Dengan tambahan Rp 2,164 triliun, maka total penarikan pembiayaan dari penerbitan surat utang negara dan sukuk (gross) mencapai target Rp 144,549 triliun. Guna menutup kebutuhan pembiayaan anggaran tahun ini, pemerintah juga telah menjual surat utang global sebesar US$ 3 miliar pada Februari. Dua bulan kemudian pemerintah menerbitkan sukuk global US$ 650 juta. Terakhir, pada Agustus 2009, pemerintah menarik dana dari penerbitan surat utang di pasar Jepang (Samurai Bond) sebesar 35 miliar yen.
Disinggung kritik berbagai kalangan yang menilai strategi pemerintah menerbitkan surat berharga negara tak terfokus, Rahmat menanggapi dingin. Dia menegaskan strategi pemerintah menggeber penerbitan surat utang di awal tahun untuk menekan tingkat yield (imbal hasil). Dengan tercukupinya sebagian besar kebutuhan pembiayaan anggaran, maka pemerintah tak lagi dikendalikan oleh pasar dalam penentuan tingkat imbal hasil pada investor. "Ada hasilnya kan? Kami bisa mengendalikan yield. Kami juga tak lagi disudutkan oleh pasar," ucapnya.
Sebelumnya, kritik atas strategi pembiayaan pemerintah dilontarkan ekonom Institute for Development of Economic and Finance, Aviliani. Menurut dia, pemerintah seolah-olah hanya ingin mengejar target pembiayaan dengan menggeber seluruh rencana penerbitan surat utang. Akibatnya, saat ini cenderung terjadi perebutan sumber dana antara perbankan yang sedang menghadapi masalah likuiditas dan pemerintah yang menawarkan yield surat utang cukup tinggi.
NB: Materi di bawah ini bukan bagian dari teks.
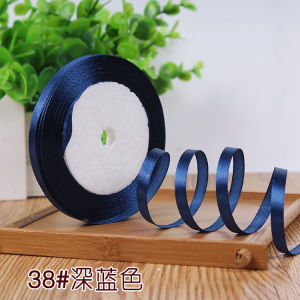 6mm Royal Blue Silk Satin Ribbon Wedding Party Decoration Gift Wrapping Christmas New Year Apparel Sewing Fabric (25 Yards/roll)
Hal senada diungkapkan ekonom Sustainable Development Indonesia, Drajad Hari Wibowo, yang menilai penerbitan surat utang sebesar 100 persen tak sebanding dengan rendahnya realisasi belanja anggaran. "Itu akan membentuk Silpa," kata mantan anggota Komisi Keuangan dan Perbankan, Dewan Perwakilan Rakyat periode lalu. Silpa merupakan Sisa Lebih Pembiayaan Anggaran.